(EXERCISE INPUT begins)

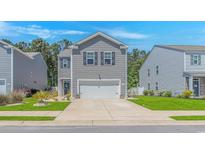 Charming gray two-story home featuring a two-car garage, landscaped front yard, and welcoming curb appeal at 396 Emery Oak Dr., Murrells Inlet, SC 29576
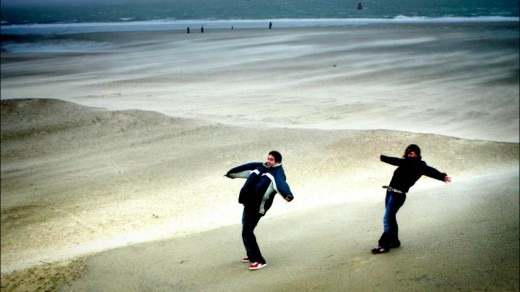 Twee jongeren tijdens een zuidwesterstorm op het strand van Vlissingen (archief)
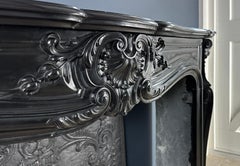 Refined Louis XV Style: Antique Marble Front Fireplace in Noir de Mazy Marble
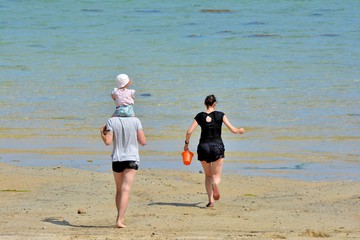 Un jeune couple qui coure avec leur enfant sur une plage en Bretagne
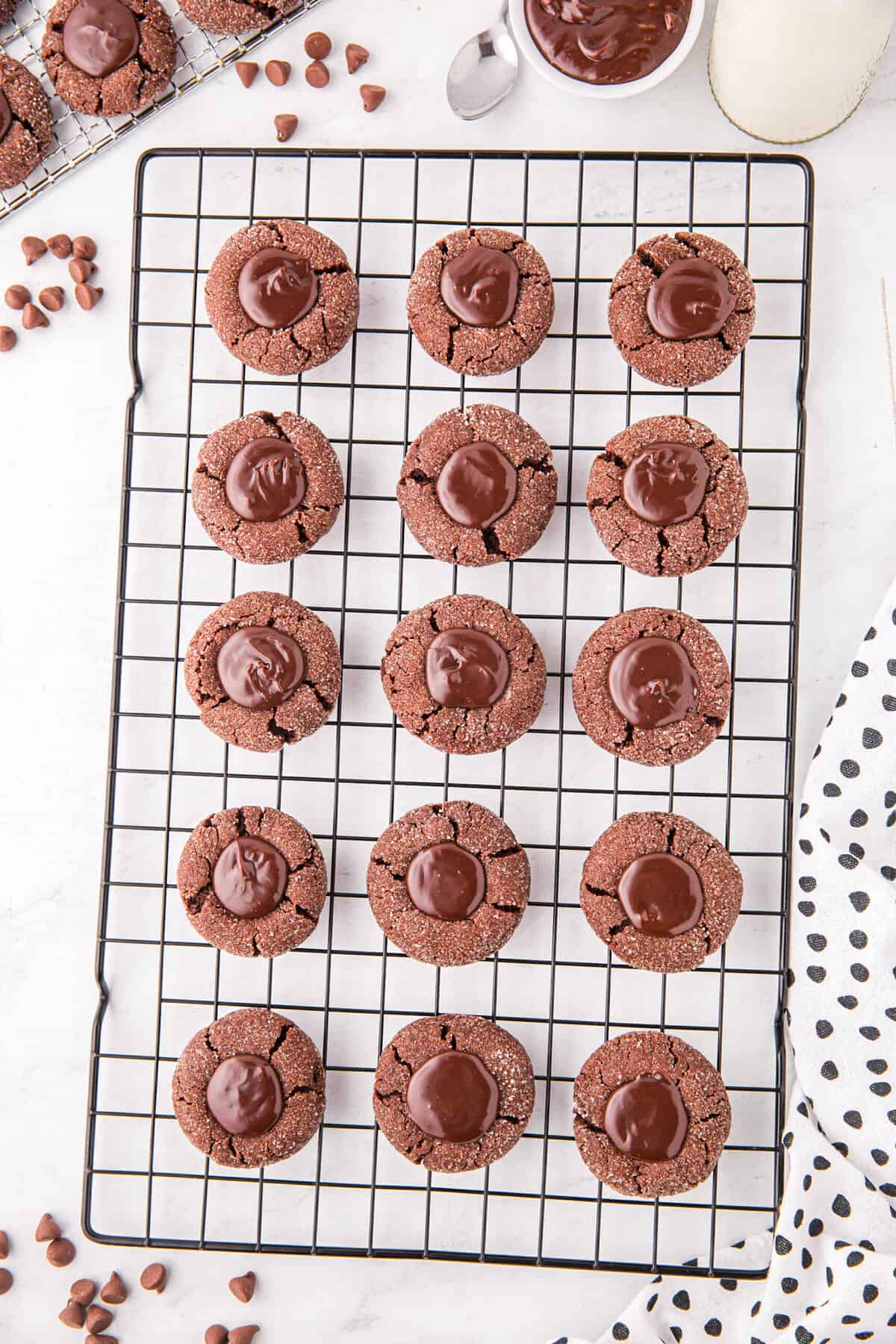 Chocolate Thumbprint Cookies on cooling rack with chocolate ganache setting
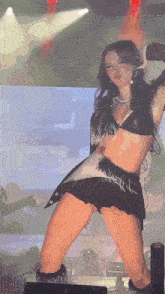 a woman is dancing on a stage with a microphone in her hand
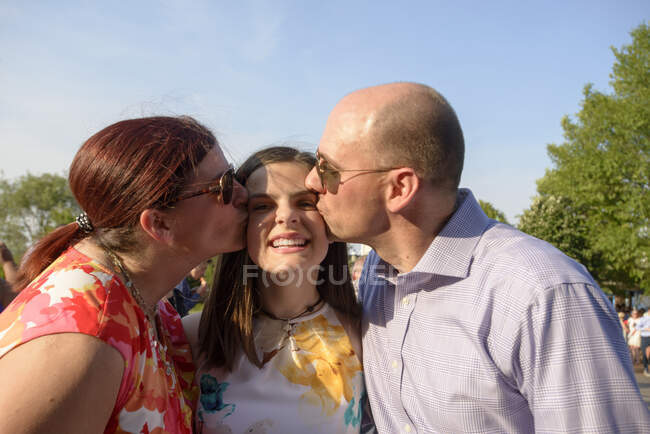 Parents kissing daughter at graduation ceremony — Stock Photo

(EXERCISE INPUT ends)

TASK INSTRUCTIONS: The answer must be the lines from the first one in the records through the line containing "Twee jongeren tijdens", copied exactly, with no pictures.

ANSWER SPACE:
 Charming gray two-story home featuring a two-car garage, landscaped front yard, and welcoming curb appeal at 396 Emery Oak Dr., Murrells Inlet, SC 29576
 Twee jongeren tijdens een zuidwesterstorm op het strand van Vlissingen (archief)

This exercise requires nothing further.